I suppose most people would say the regretted the relationship and the breakup, considering how messy it was. But I’m not most people. I can only look back, nod, and say what a fool I was. But I also have to look at the path leading on from there and realize that my foolishness earned me wisdom. One of the people on a mailing list I frequent often comments that experience is the thing that you get after you needed it. I’ve always liked that saying since the first time I heard her utter it. I think that’s partly because that’s how I see the nightmare I went through with you.

I learned a lot about myself and relationships from dealing with the emotional rollercoaster dating you put me through. Or perhaps I should say that I discovered the kinds of things that I needed to unlearn because of it. Either way, it works. And it makes a lot of sense.

I’m dating a wonderful guy now. His name is Mike. We’ve been together for three years now. I’ve enjoyed every minute of it, though the relationship hasn’t always been easy. Like I said, I’ve had to unlearn a lot of things. I still have things I need to unlearn, but I’m doing better now. Unlearning is rough business. Especially because things go to hell until you do.

There were little things about Mike that would give me flashbacks to my experience with you. Like the way he’s so tightlipped with his feelings. He doesn’t wear his heart on his shirt sleeve like I do. So there have been times when I would see him not expressing how he felt, and it would terrify me. I’d become frightened that, like you, he would suddenly decide he doesn’t have feelings for me after all. And let’s face it, you did that more than once, despite the obvious truth to the contrary.

But I’m slowly learning something. There’s a huge difference between you and Mike. Mike simply feels uncomfortable expressing his feelings at any great depth. But he acknowledges that he has them. You’d never do that. Hell, half the time, you weren’t willing to admit your feelings to yourself. In a way, I kind of pity you for that. But understanding that has enabled me to start seeing Mike in a different way. I now can rest comfortable on the knowledge that he does have those feelings, regardless of whether he expresses them. Sure, I might have a moment’s insecurity. But I can let it wash over me, and then take a serious look at our relationship. And there comes a point when I can acknowledge that while my insecurity — while very real on an emotional level — is not rational. And I can live with the occasional irrational fear, I think.
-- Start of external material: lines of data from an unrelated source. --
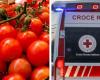la faute aux tomates cerises fournies par le ministère de l’Agriculture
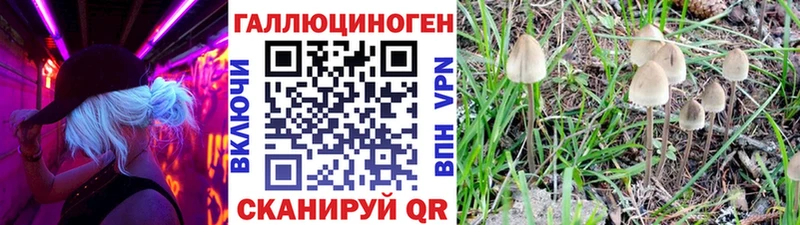 Купить закладки  Советский  Псилоцибиновые грибы Psilocybe 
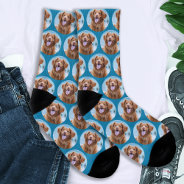 Cute Pet Dog Teal Blue Photo Socks at Zazzle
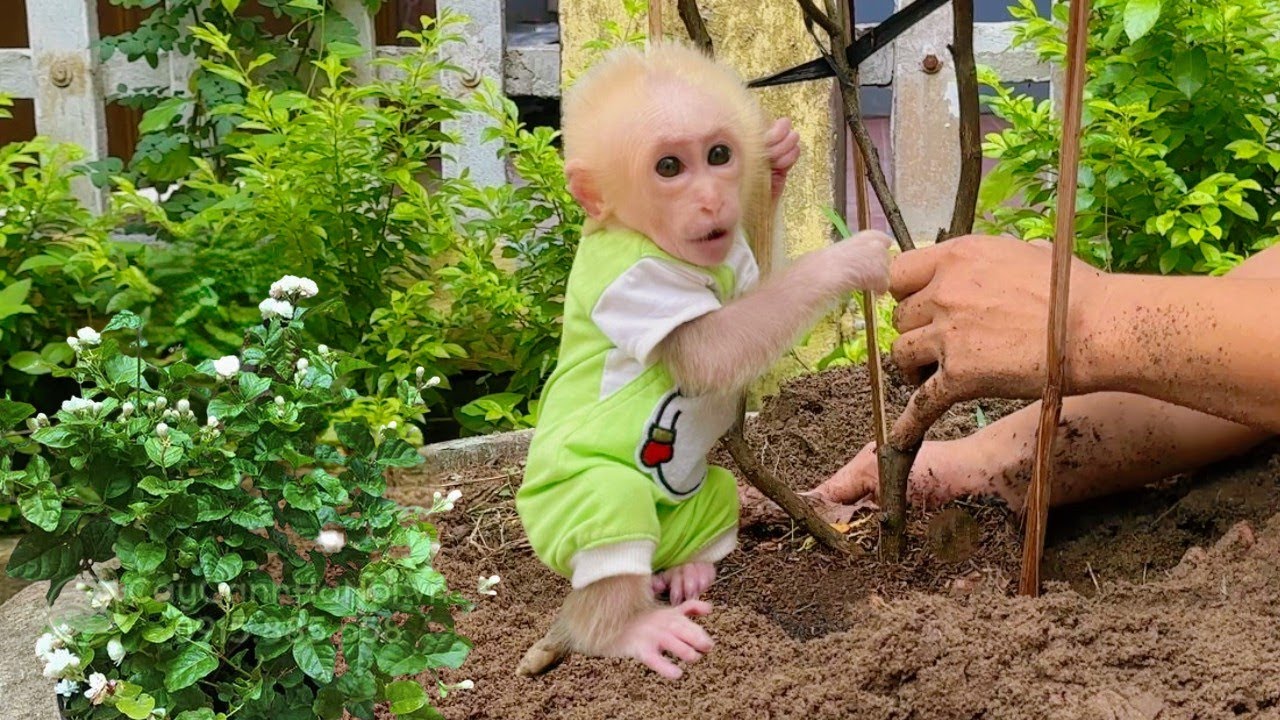 The love between baby monkey Lulu and his dad is so sweet when they plant trees together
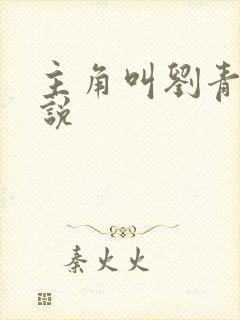 主角叫刘青的小说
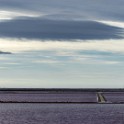 Camargue 1304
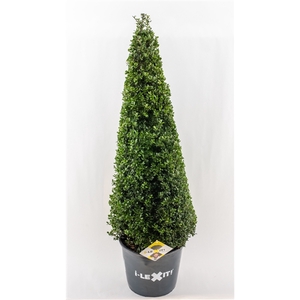 Ilex crenata Dark Green, P32, Kegel 80-90cm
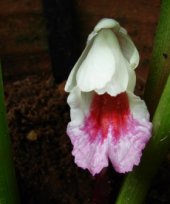 Live Collections &raquo; Gingers &raquo; Boesenbergia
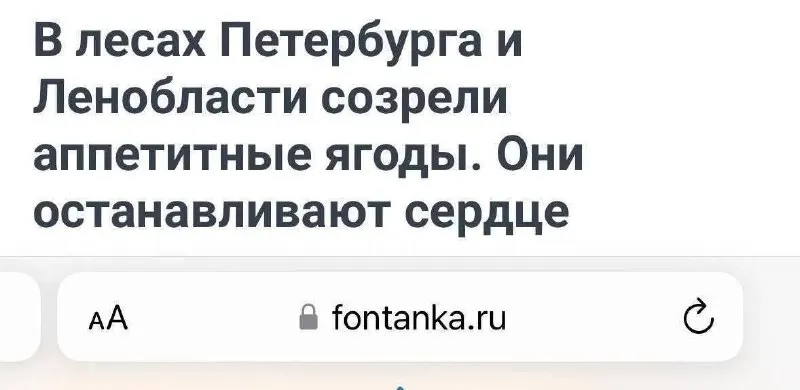 Пост канала «Пикчи разной степени абсурдности» от 29 сентября 2026 г.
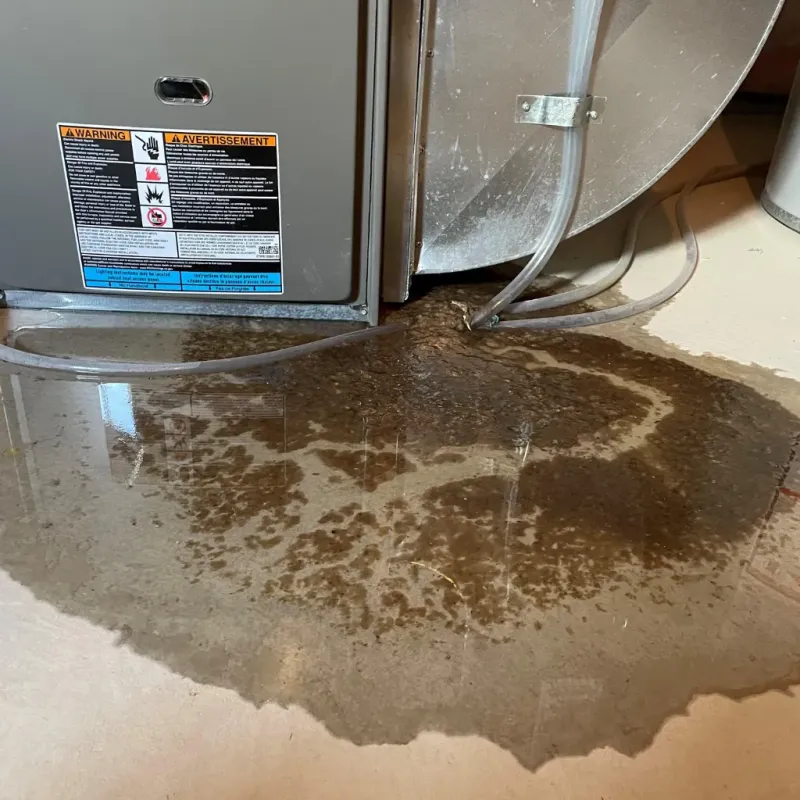 Appliance Leak Cleanup in Silver Lake, NC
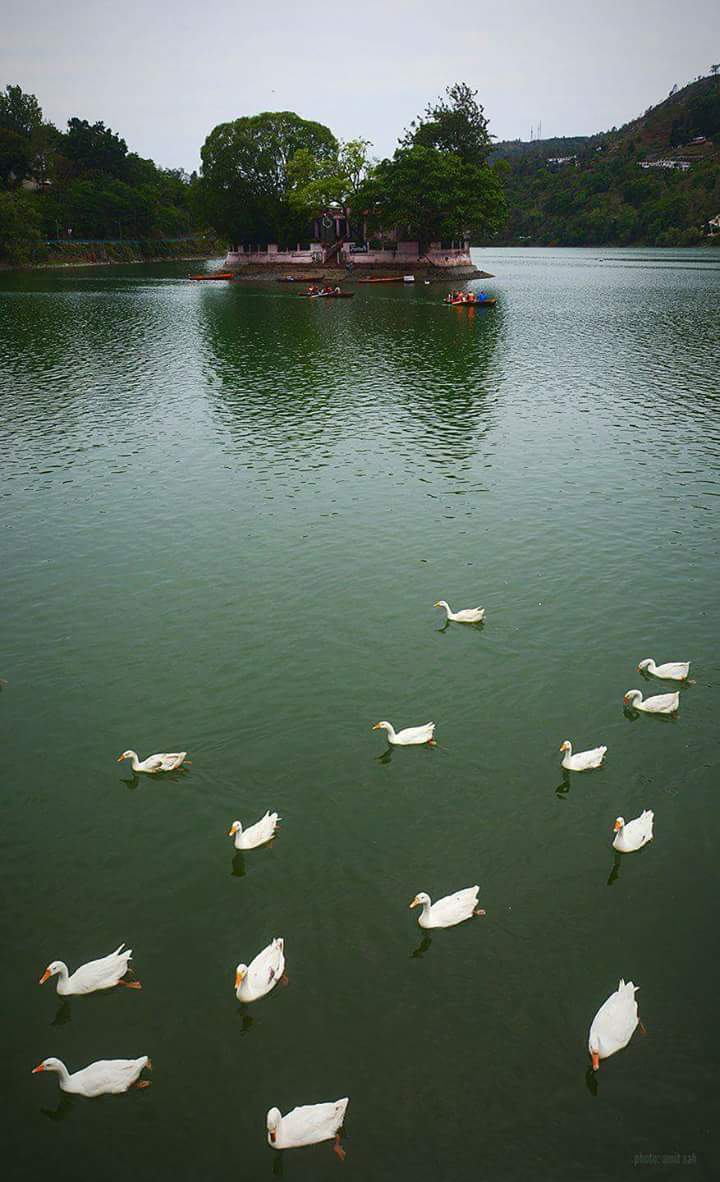 Bhimtal Lake & Island Aquarium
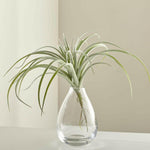 Tillandsia Grey Faux Succulent Stem
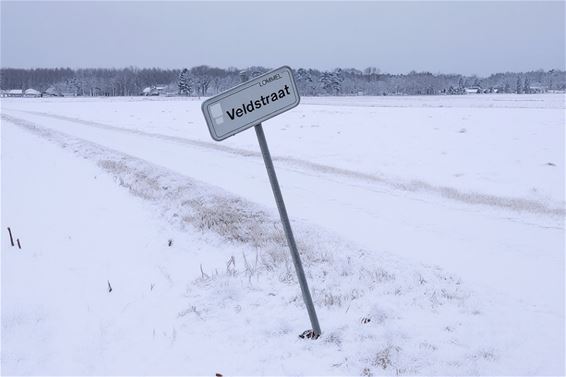Gezien op Lommel Kolonie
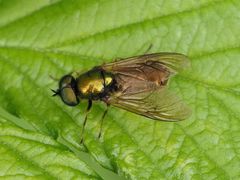 Chloromyia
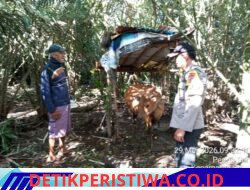Melalui Giat Colling System, Bhabinkamtibmas Sambangi Kandang Ternak Warga di Desa Pering Sari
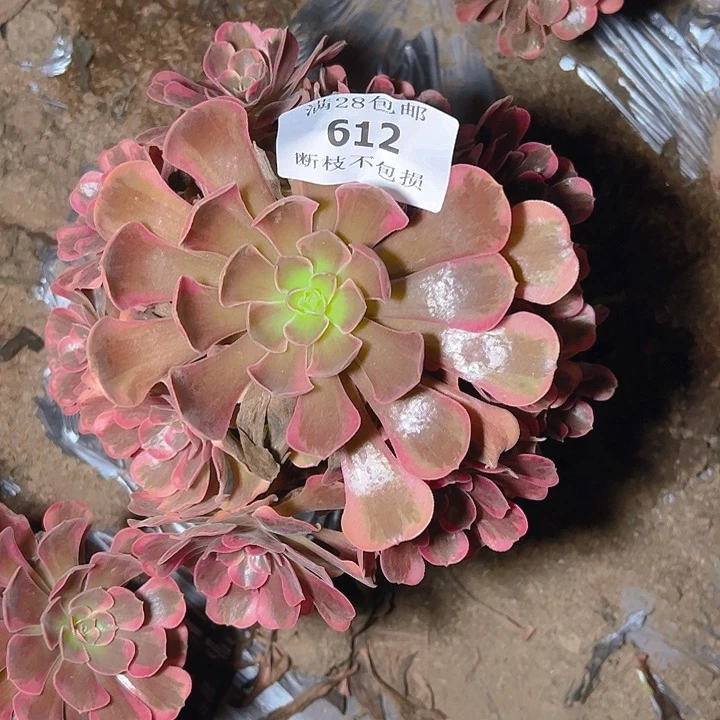 千***马612爱神多肉植物保护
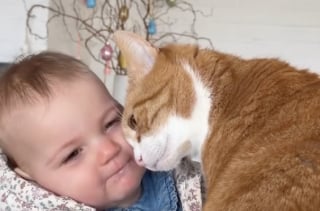Illustration de l'article : Un chat et un b&eacute;b&eacute; mettent en &eacute;vidence un lien tr&egrave;s fort en se c&acirc;linant tendrement (vid&eacute;o)
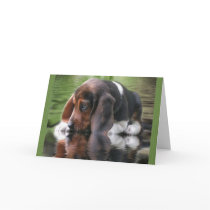 Beagle Birthday Card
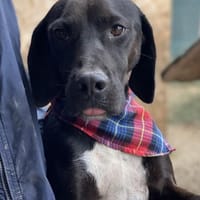Jeca - lieb & menschenbezogen auf PS, Hündin zur Adoption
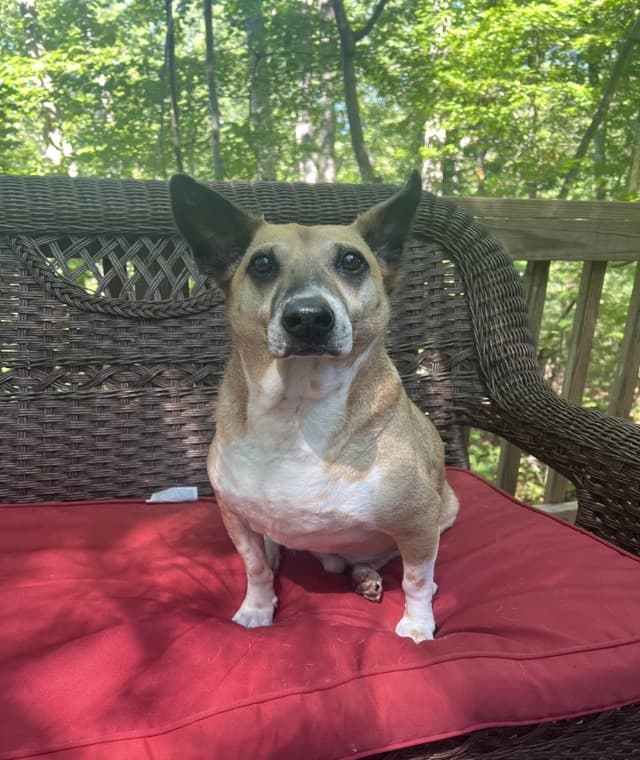 Willie, Chief Morale Officer at UXit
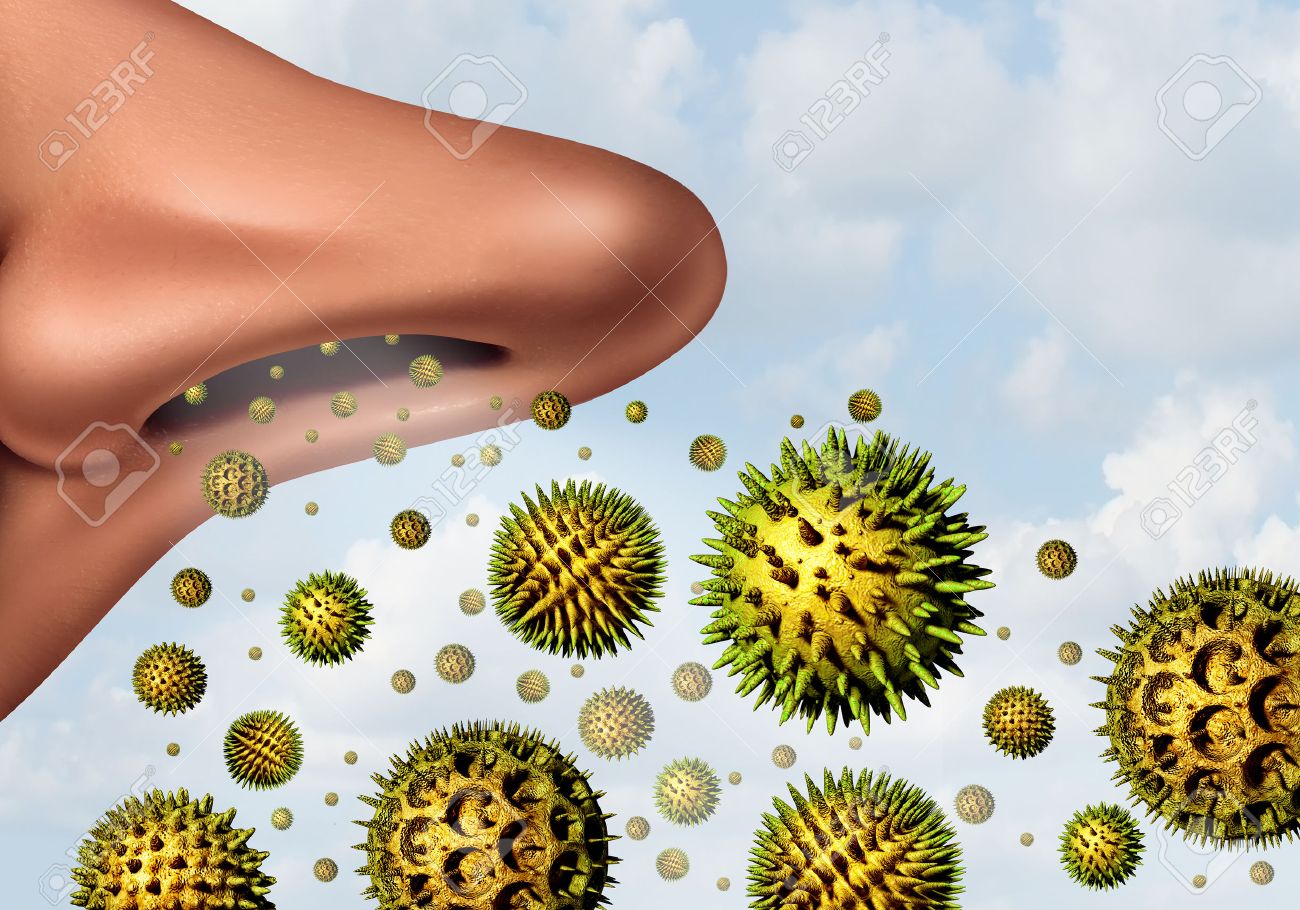 pollen allergy concept and hay fever allergies as a medical symbol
Especially considering that addressing them in this way seems to make them quite short-lived.

At one point, I think I was mad at you about all this. Or at least I think I thought that I was mad at you about all this. I was mad that I had to unlearn things. I was made that I found myself comparing Mike to you and getting all emotional on him. But in reality, I think was more mad at myself. I was frustrated.

You see, I’m not even sure how much of this was “you” at all. Oh sure, everything I’ve said about you is true. YOu did deny your feelings. You did vascillate on how you saw our relationship. You did put me through an emotional game. But in the end, I played that game. I stuck in there. And to be honest, you only played off of things going on in my own heart. I can’t help but wonder, if it hadn’t been you, would it have been someone else? I think it probably would’ve been.

Like I said, I’ve grown stronger. I’ve grown older. I’ve grown wiser. And I’ve been able to rebuild myself into a better person. And in a sense, this all came from my experiences with you. But don’t pat yourself on the back too much. As I said, I think that if I hadn’t gotten messed up with you, I would’ve experienced much the same with someone else. So I’m taking 95% of the credit for this myself. I’ll leave you 5%, just as a token of my love for you.

Yeah, that’s the strangest part. I still love you. I probably love you more now than I did back when we were together. But it’s a very different kind of love. For starters, it’s not the kind of love that I’d ever build a relationship on. I don’t see you that way at all. Besides, like I said, I’ve been with a man I dearly love in that way for three years.

Instead, it’s the kind of love that one has for past memories. It’s the kind of love that one has for people and experiences that have touched them somehow. Let’s face it, you were a part of my life. In a way, you still are a part of my life. I think you always will be. I’m not sure I’d want you to be an active part of my life, even as a friend. I’m just not sure how I feel about that. But my time with you has shaped what I am now, and that is something I will cherish and honor. After all, it’s a matter of cherishing and honoring myself. And I deserve that. I owe that to myself.

So there you go. Take care of yourself. And I hope that your own experiences have led you out of your own nightmare.

Love,
— Jarred.

Fun with lists

This is a “List of 100.” It’s an idea I’ve borrowed from a new journal book I’m reading. Yes, some of the items on the lists are repeats. That’s perfectly acceptable. The point of the exercise is to write things as they come to you. Writing repeats helps you to keep moving.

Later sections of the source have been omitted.